Stored data:
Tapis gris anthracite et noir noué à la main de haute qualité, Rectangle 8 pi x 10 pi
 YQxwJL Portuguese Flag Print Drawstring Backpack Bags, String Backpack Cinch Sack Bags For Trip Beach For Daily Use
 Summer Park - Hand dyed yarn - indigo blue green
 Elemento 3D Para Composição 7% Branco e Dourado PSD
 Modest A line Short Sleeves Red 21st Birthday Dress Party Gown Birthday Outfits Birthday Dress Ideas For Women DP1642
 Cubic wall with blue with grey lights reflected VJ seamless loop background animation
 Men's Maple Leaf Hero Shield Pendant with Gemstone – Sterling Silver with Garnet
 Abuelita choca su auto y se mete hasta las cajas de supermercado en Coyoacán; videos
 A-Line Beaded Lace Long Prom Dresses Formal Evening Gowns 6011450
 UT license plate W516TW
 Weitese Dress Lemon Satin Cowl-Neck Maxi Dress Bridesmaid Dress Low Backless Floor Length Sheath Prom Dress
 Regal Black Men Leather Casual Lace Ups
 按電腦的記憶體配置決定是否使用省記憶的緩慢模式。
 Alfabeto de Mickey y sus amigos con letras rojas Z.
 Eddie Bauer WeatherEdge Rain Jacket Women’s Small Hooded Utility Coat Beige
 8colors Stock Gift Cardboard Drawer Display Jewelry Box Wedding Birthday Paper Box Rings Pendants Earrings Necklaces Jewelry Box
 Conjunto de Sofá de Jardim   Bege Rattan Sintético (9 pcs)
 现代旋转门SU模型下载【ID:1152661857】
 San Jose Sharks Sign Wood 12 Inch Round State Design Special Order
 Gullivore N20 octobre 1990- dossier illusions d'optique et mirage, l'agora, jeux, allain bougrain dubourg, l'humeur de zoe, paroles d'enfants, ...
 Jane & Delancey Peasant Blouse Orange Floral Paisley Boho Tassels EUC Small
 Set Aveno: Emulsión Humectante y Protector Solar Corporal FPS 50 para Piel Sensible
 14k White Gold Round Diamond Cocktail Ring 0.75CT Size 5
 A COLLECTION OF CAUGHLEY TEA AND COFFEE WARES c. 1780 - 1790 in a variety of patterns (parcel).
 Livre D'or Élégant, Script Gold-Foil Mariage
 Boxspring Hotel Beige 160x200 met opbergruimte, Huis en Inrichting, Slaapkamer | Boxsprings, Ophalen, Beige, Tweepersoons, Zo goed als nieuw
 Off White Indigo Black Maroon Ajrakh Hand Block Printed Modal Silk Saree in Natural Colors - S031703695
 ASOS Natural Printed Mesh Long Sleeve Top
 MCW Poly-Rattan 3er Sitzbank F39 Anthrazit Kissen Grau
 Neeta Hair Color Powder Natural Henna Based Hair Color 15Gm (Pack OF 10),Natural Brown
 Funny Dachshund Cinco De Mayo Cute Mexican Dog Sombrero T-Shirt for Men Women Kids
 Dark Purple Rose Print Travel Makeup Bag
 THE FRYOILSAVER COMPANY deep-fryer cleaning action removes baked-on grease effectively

Directions for this task: The listing above is to be written out again word for word.

Exercise output:
Tapis gris anthracite et noir noué à la main de haute qualité, Rectangle 8 pi x 10 pi
 YQxwJL Portuguese Flag Print Drawstring Backpack Bags, String Backpack Cinch Sack Bags For Trip Beach For Daily Use
 Summer Park - Hand dyed yarn - indigo blue green
 Elemento 3D Para Composição 7% Branco e Dourado PSD
 Modest A line Short Sleeves Red 21st Birthday Dress Party Gown Birthday Outfits Birthday Dress Ideas For Women DP1642
 Cubic wall with blue with grey lights reflected VJ seamless loop background animation
 Men's Maple Leaf Hero Shield Pendant with Gemstone – Sterling Silver with Garnet
 Abuelita choca su auto y se mete hasta las cajas de supermercado en Coyoacán; videos
 A-Line Beaded Lace Long Prom Dresses Formal Evening Gowns 6011450
 UT license plate W516TW
 Weitese Dress Lemon Satin Cowl-Neck Maxi Dress Bridesmaid Dress Low Backless Floor Length Sheath Prom Dress
 Regal Black Men Leather Casual Lace Ups
 按電腦的記憶體配置決定是否使用省記憶的緩慢模式。
 Alfabeto de Mickey y sus amigos con letras rojas Z.
 Eddie Bauer WeatherEdge Rain Jacket Women’s Small Hooded Utility Coat Beige
 8colors Stock Gift Cardboard Drawer Display Jewelry Box Wedding Birthday Paper Box Rings Pendants Earrings Necklaces Jewelry Box
 Conjunto de Sofá de Jardim   Bege Rattan Sintético (9 pcs)
 现代旋转门SU模型下载【ID:1152661857】
 San Jose Sharks Sign Wood 12 Inch Round State Design Special Order
 Gullivore N20 octobre 1990- dossier illusions d'optique et mirage, l'agora, jeux, allain bougrain dubourg, l'humeur de zoe, paroles d'enfants, ...
 Jane & Delancey Peasant Blouse Orange Floral Paisley Boho Tassels EUC Small
 Set Aveno: Emulsión Humectante y Protector Solar Corporal FPS 50 para Piel Sensible
 14k White Gold Round Diamond Cocktail Ring 0.75CT Size 5
 A COLLECTION OF CAUGHLEY TEA AND COFFEE WARES c. 1780 - 1790 in a variety of patterns (parcel).
 Livre D'or Élégant, Script Gold-Foil Mariage
 Boxspring Hotel Beige 160x200 met opbergruimte, Huis en Inrichting, Slaapkamer | Boxsprings, Ophalen, Beige, Tweepersoons, Zo goed als nieuw
 Off White Indigo Black Maroon Ajrakh Hand Block Printed Modal Silk Saree in Natural Colors - S031703695
 ASOS Natural Printed Mesh Long Sleeve Top
 MCW Poly-Rattan 3er Sitzbank F39 Anthrazit Kissen Grau
 Neeta Hair Color Powder Natural Henna Based Hair Color 15Gm (Pack OF 10),Natural Brown
 Funny Dachshund Cinco De Mayo Cute Mexican Dog Sombrero T-Shirt for Men Women Kids
 Dark Purple Rose Print Travel Makeup Bag
 THE FRYOILSAVER COMPANY deep-fryer cleaning action removes baked-on grease effectively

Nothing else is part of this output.